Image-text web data
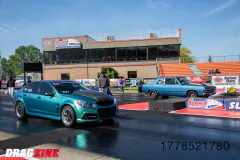 turn-amp-burn-at-summit-motorsports-park-delivered-big-drag-and-drive-fun-www.dragzine.com-179-www.dragzine.com
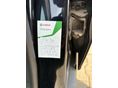 VOLKSWAGEN PASSAT VI 2007/7 - 7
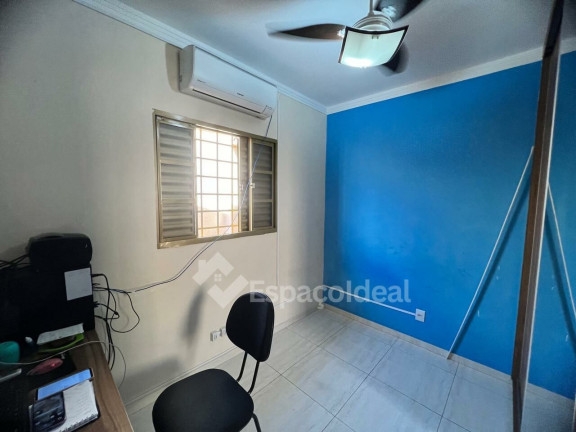 Imagem Casa com 4 Quartos à Venda, 350 m² em Conjunto Habitacional Presidente Eurico Gaspar Dutra - Bauru Imagem Casa com 4 Quartos à Venda, 350 m² em Conjunto Habitacional Presidente Eurico Gaspar Dutra - Bauru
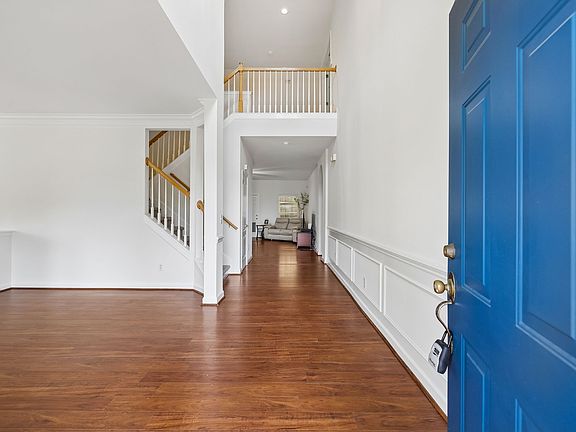 2nd image of 5237 Whispering Valley Dr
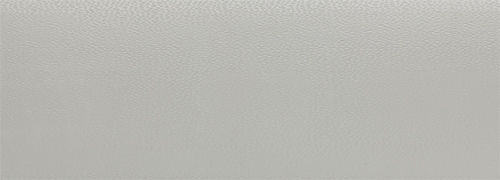 Лента кромочная 0,4х19 Серый PVC Kr0112S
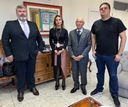 800px_VisitaDepBrunoFarias.jpg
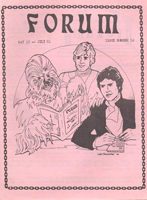 Scififanzstarwars45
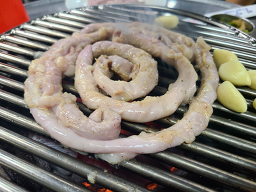 Pyeongyangjip 6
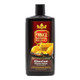 Pinnacle Natural Brilliance Pinnacle GlassCoat Window Sealant with Rain Repellent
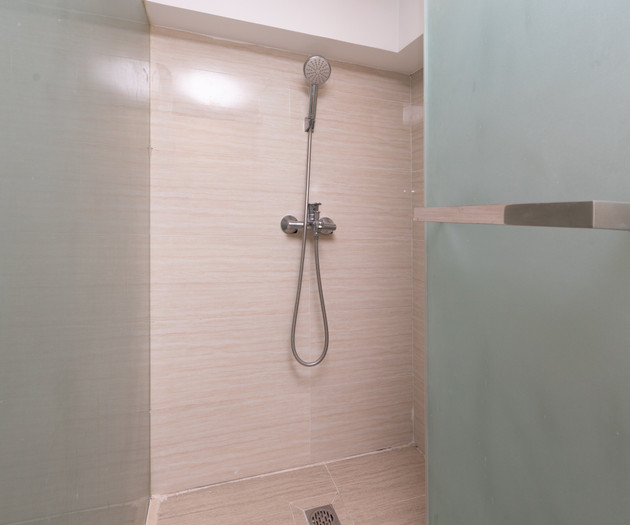 Cozy ,super clean  apartment  near metro  station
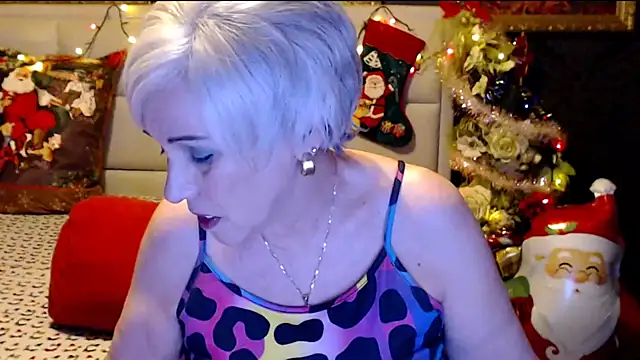 HappyWomanOn online show from 12/26/24, 11:32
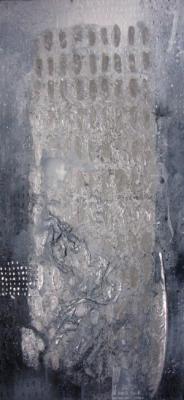 ������� �Ũ ����Ȼ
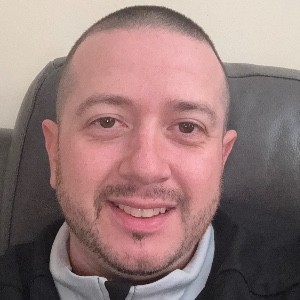 Rich Wynne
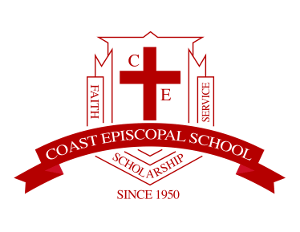 Coast Episcopal School Long Beach Mississippi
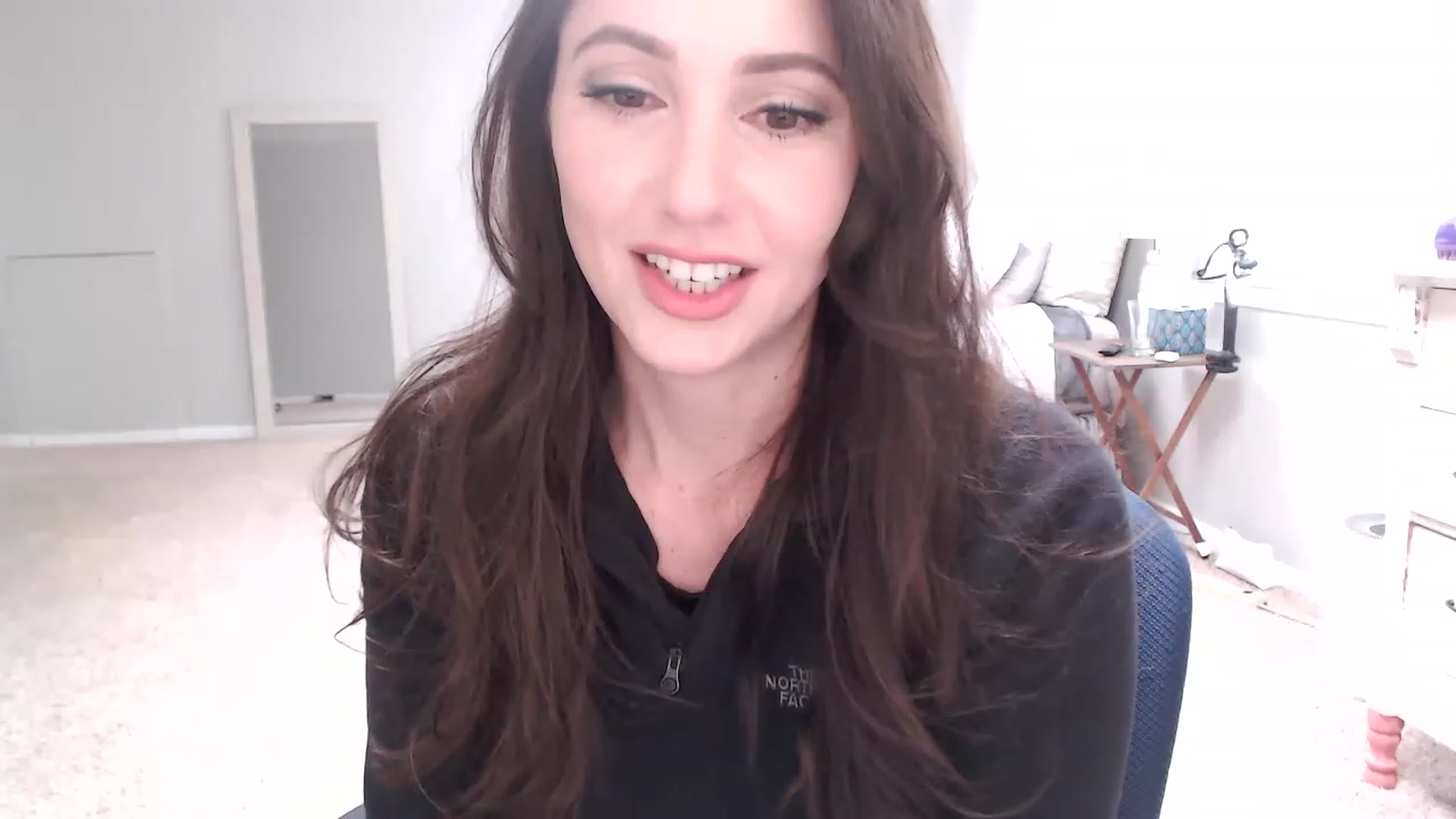 Lust_4_Life video thumbnail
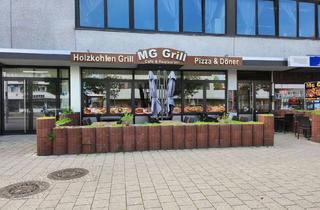 Gastronomiebetrieb mieten in 38226 Lebenstedt, Sehr schönes Restaurant in guter Lage von SZ-Lebenstedt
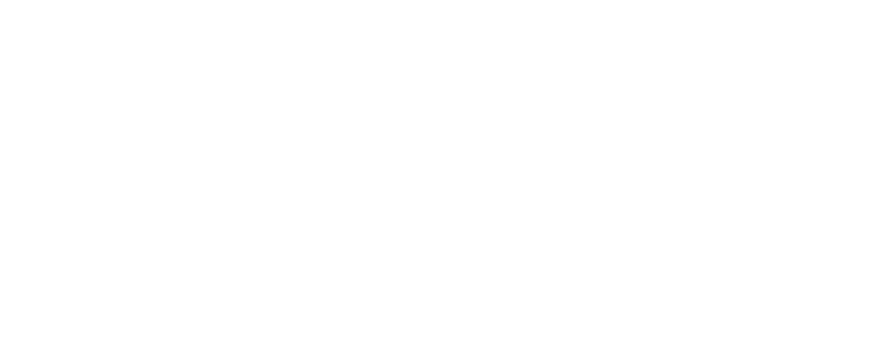 Elsii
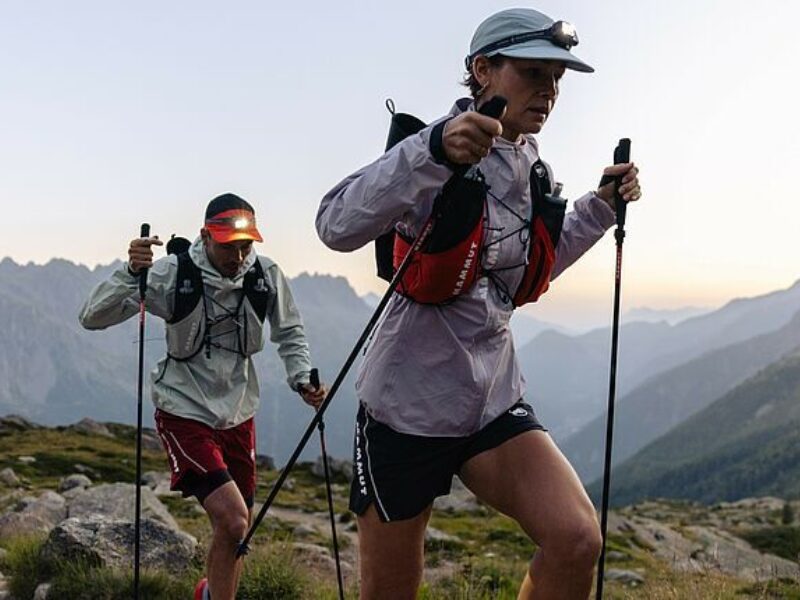 Csm Trail Run SS26 Chamonix LG 18 1 3173441749
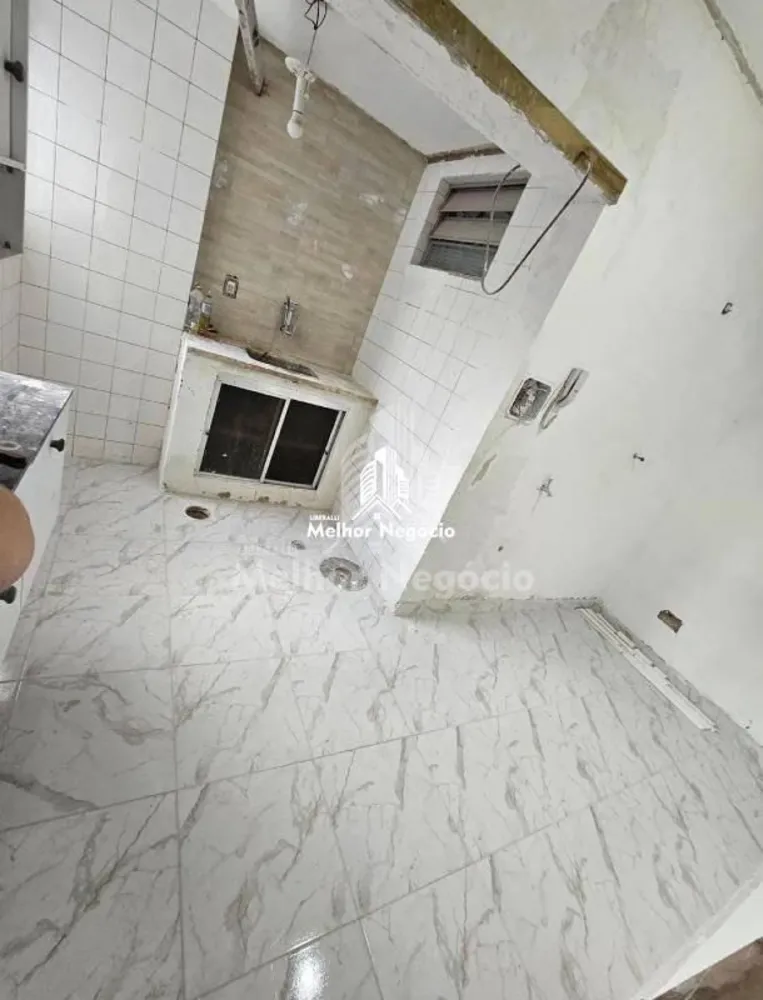 Apartamento, 1 quarto, 62 m² - Foto 2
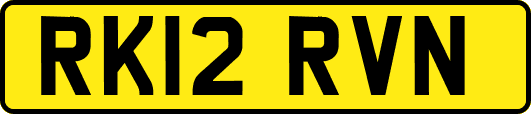 RK12RVN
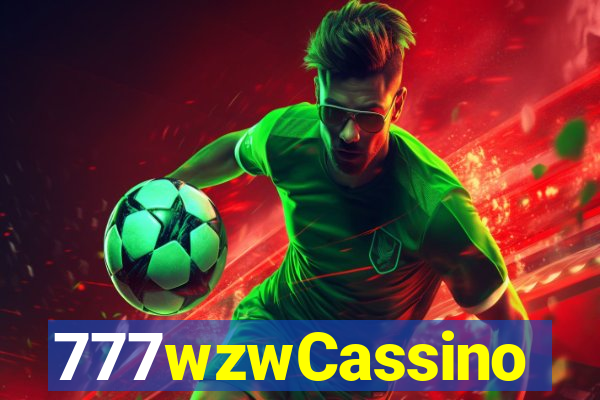 777wzwCassino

### PROBLEM STATEMENT
The copy must begin at the line containing "- Bauru Imagem" and end at the last line of the data above, with every line retyped exactly and no pictures included.

### THE COMPLETED TASK
 Imagem Casa com 4 Quartos à Venda, 350 m² em Conjunto Habitacional Presidente Eurico Gaspar Dutra - Bauru Imagem Casa com 4 Quartos à Venda, 350 m² em Conjunto Habitacional Presidente Eurico Gaspar Dutra - Bauru
 2nd image of 5237 Whispering Valley Dr
 Лента кромочная 0,4х19 Серый PVC Kr0112S
 800px_VisitaDepBrunoFarias.jpg
 Scififanzstarwars45
 Pyeongyangjip 6
 Pinnacle Natural Brilliance Pinnacle GlassCoat Window Sealant with Rain Repellent
 Cozy ,super clean  apartment  near metro  station
 HappyWomanOn online show from 12/26/24, 11:32
 ������� �Ũ ����Ȼ
 Rich Wynne
 Coast Episcopal School Long Beach Mississippi
 Lust_4_Life video thumbnail
 Gastronomiebetrieb mieten in 38226 Lebenstedt, Sehr schönes Restaurant in guter Lage von SZ-Lebenstedt
 Elsii
 Csm Trail Run SS26 Chamonix LG 18 1 3173441749
 Apartamento, 1 quarto, 62 m² - Foto 2
 RK12RVN
 777wzwCassino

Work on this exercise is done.